トップオピニオン社説【社説】G7テレビ会議 民主陣営は対露包囲網強化を

【社説】G7テレビ会議 民主陣営は対露包囲網強化を

岸田総理はビデオ会議で G7とウクライナの首脳のテレビ会議に出席。写真提供:日本の首相プレスオフィス UPI

先進7カ国(G7)首脳が、ロシアのウクライナ侵略1年を受けてテレビ会議を行った。G7をはじめとする民主主義陣営は対露包囲網を強化すべきだ。

ウクライナ大統領も出席

日本は今年のG7議長国で、岸田文雄首相が議長を務めたのは今回の会議が初めてとなる。首相は「厳しい対露制裁と強力なウクライナ支援を通じ、法の支配に基づく国際秩序を堅持するG7の確固たる決意を示す」と表明。会議にはウクライナのゼレンスキー大統領も出席し、首相はゼレンスキー氏の「平和実現に向けた真摯(しんし)な努力」を支持した。
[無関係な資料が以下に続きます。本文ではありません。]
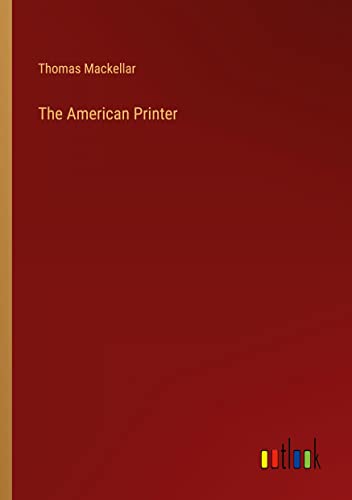 The American Printer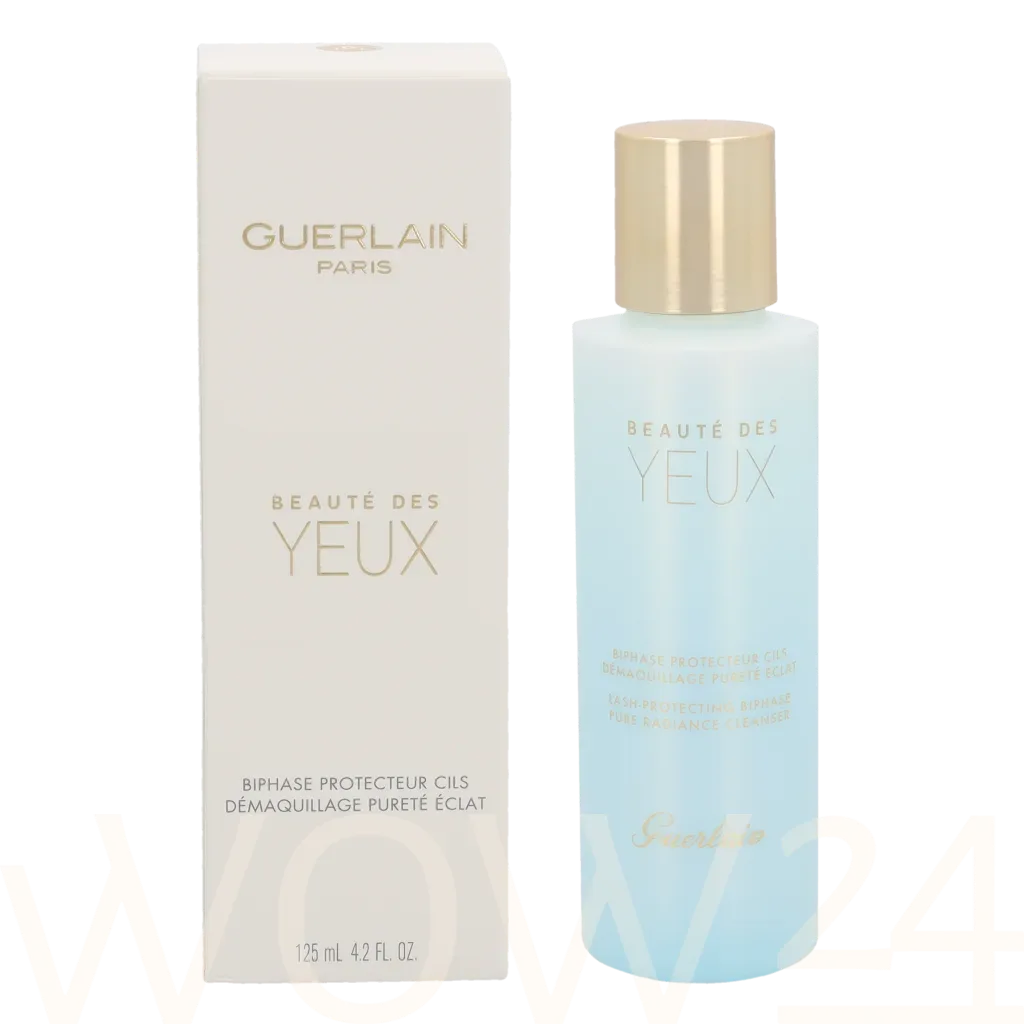 Guerlain Beauté des yeux pure radiance cleanser thumbnail 4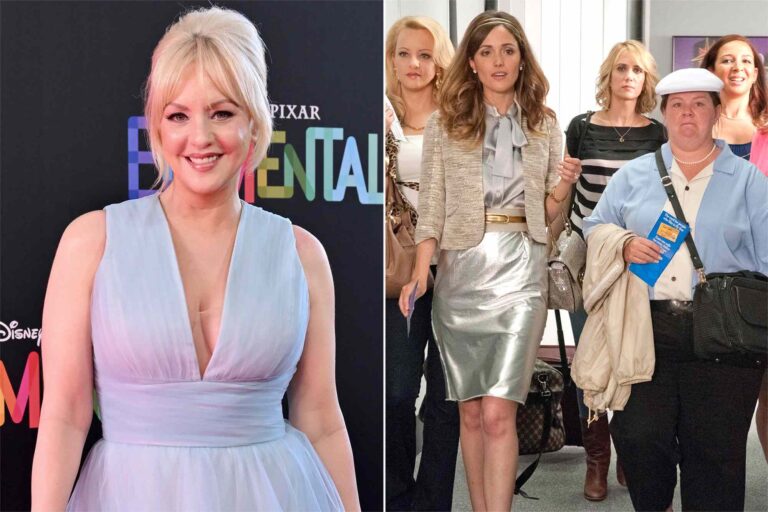 Wendi McLendon-Covey Explains Her Absence From the ‘Bridesmaids’ Oscars Reunion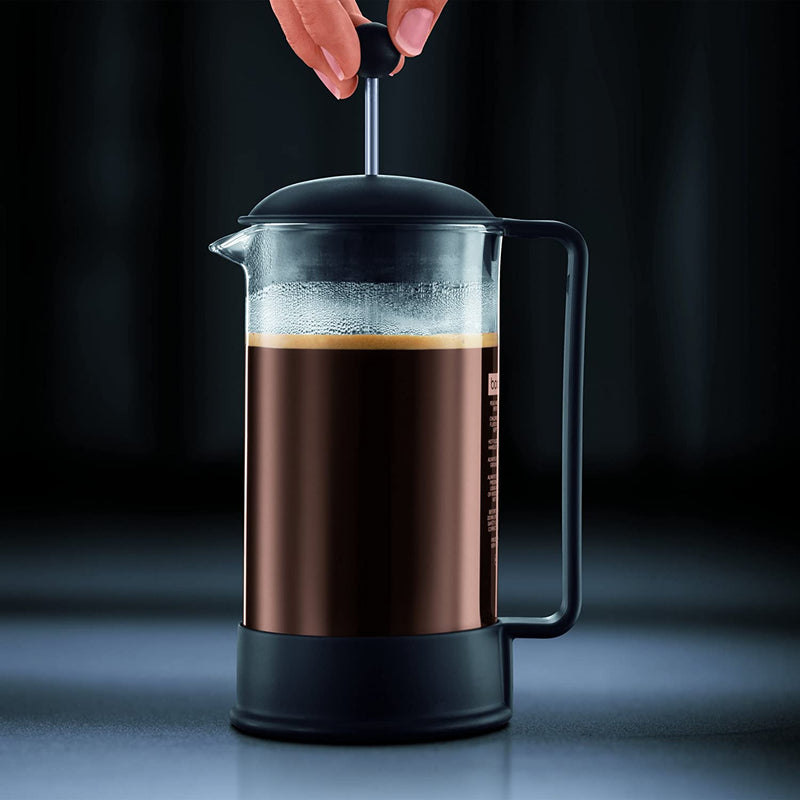 Bodum, French Press coffee maker Brazil, 8 cups, 1.0 l lime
首脳声明は「ウクライナ領土全体からの即時、完全、無条件の撤退をロシアに要求する」と強調した。撤退を実現させるには、ウクライナへの武器支援強化が欠かせない。声明では、防空システムや弾薬、戦車などのニーズを満たすため引き続き調整するとした。

武器支援を巡っては、戦車などを供与する米欧に対し、日本は防衛装備移転三原則で武器供与に制約があるため、防弾チョッキやヘルメットの提供にとどまっている。政府は昨年の国家安全保障戦略改定で「防衛装備移転三原則や運用指針をはじめとする制度の見直しを検討する」ことを打ち出した。
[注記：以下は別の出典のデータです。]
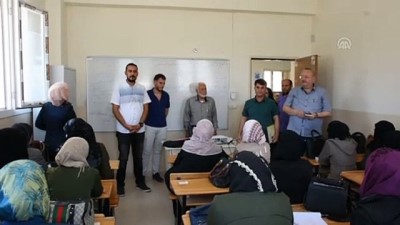 Kilis İl Milli Eğitim Müdürlüğünden Suriyeli Öğretmenlere Eğitim
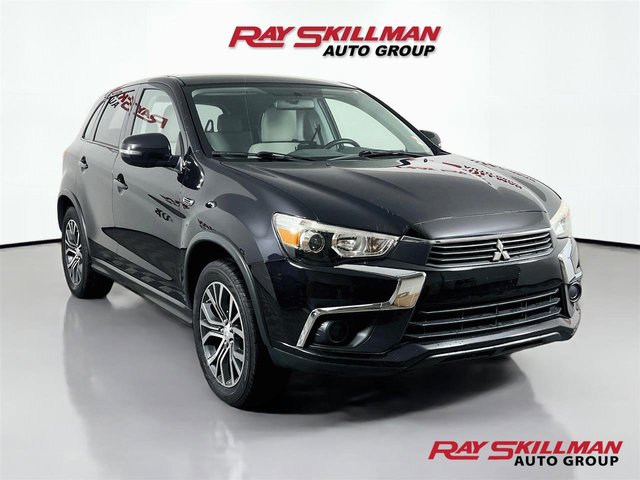 2017 Mitsubishi Outlander Sport LE 2.0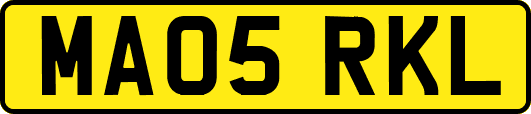 MA05RKL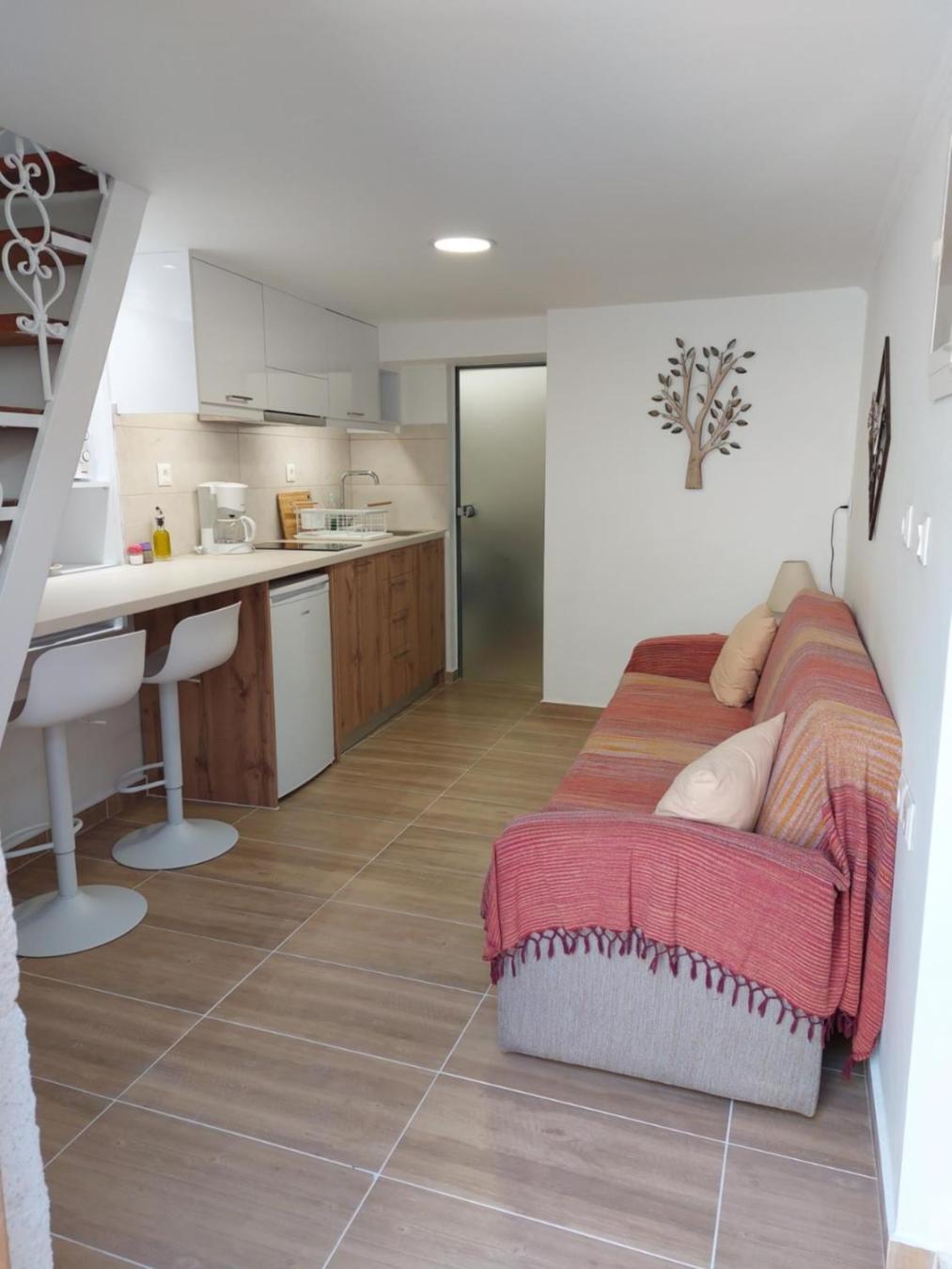 Evans House Ii One Bedroom Maisonette Feriehus Chania (Crete)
具体的には、殺傷能力を持つ装備品の移転先をオーストラリアなど友好的な同志国のほか、ウクライナのような国際法違反の侵略を受けている国にも広げる方向だ。しかし、2023年度中に新たな指針の運用開始を目指すというのは遅くないか。早期開始の実現に向け、首相は指導力を発揮してほしい。

声明は核・原子力に関して、ロシアのプーチン大統領が新戦略兵器削減条約(新START)の履行停止を発表したことに「深い遺憾」を表明。核兵器や生物、化学兵器の使用は「厳しい結果につながる」とした。

このように警告したことは正しいが、首相の唱える「核なき世界」の追求ではロシアの「核の脅し」を抑えることはできない。首相は会議に先立ち、記者会見で「きょうのウクライナはあすの東アジアかもしれない」と強い危機感を表明した。日本は議長国としてG7の結束を主導する意味でも、米国の核兵器を共同運用する「核共有」を検討する必要がある。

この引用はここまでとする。